Question

For the following data table

\(x_i\)	\(f_i\)
0 - 4	2
4 - 8	4
8 - 12	7
12 - 16	8
16 - 20	6

Find the value of 20M (where M is median of the data)

Answer 1

Correct Answer: 245

To find the value of \(20M\), where \(M\) is the median of the given frequency distribution, follow these steps:

1. Identify the total number of observations \(N\), which is the sum of all frequencies: \(N=2+4+7+8+6=27\).
2. Find the median class. The median position is \(\left(\frac{N}{2}\right)^{\text{th}}\) value, i.e., the \(13.5^{\text{th}}\) value. Cumulative frequencies: \(2, 6, 13, 21, 27\).
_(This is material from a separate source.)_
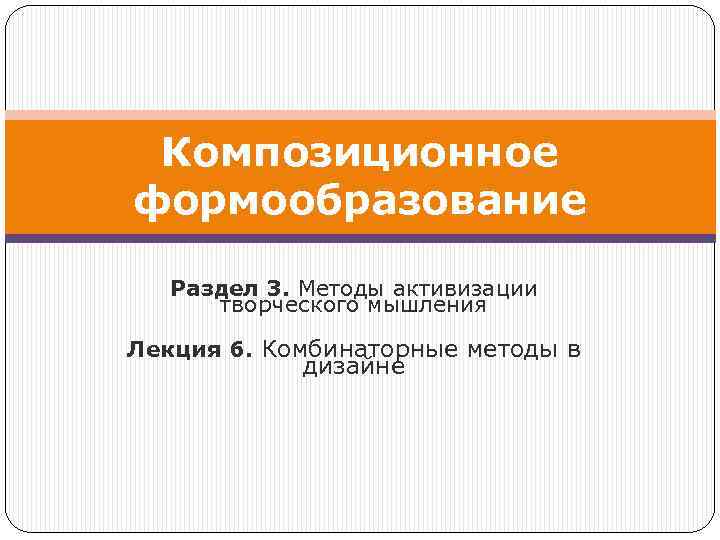 Композиционное формообразование Раздел 3. Методы активизации творческого мышления Лекция 6. Комбинаторные методы в дизайне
Hence, the median class is \(12-16\) because \(13.5\) falls in this class.
3. Apply the median formula: \(M=L+\left(\frac{\frac{N}{2}-F}{f_m}\right) \cdot h\), where \(L\) is the lower boundary of the median class (\(12\)), \(F\) is cumulative frequency before the median class (\(13\)), \(f_m\) is the frequency of the median class (\(8\)), and \(h\) is the class width (\(4\)).
4. Calculate \(M: M=12+\left(\frac{13.5-13}{8}\right)\cdot 4\)
   \(M=12+\left(\frac{0.5}{8}\right)\cdot 4=12+0.25=12.25\)
5. Compute \(20M: 20M=20 \times 12.25=245\).

The computed value \(245\) fits perfectly within the provided range of 245 to 245, confirming the solution's accuracy.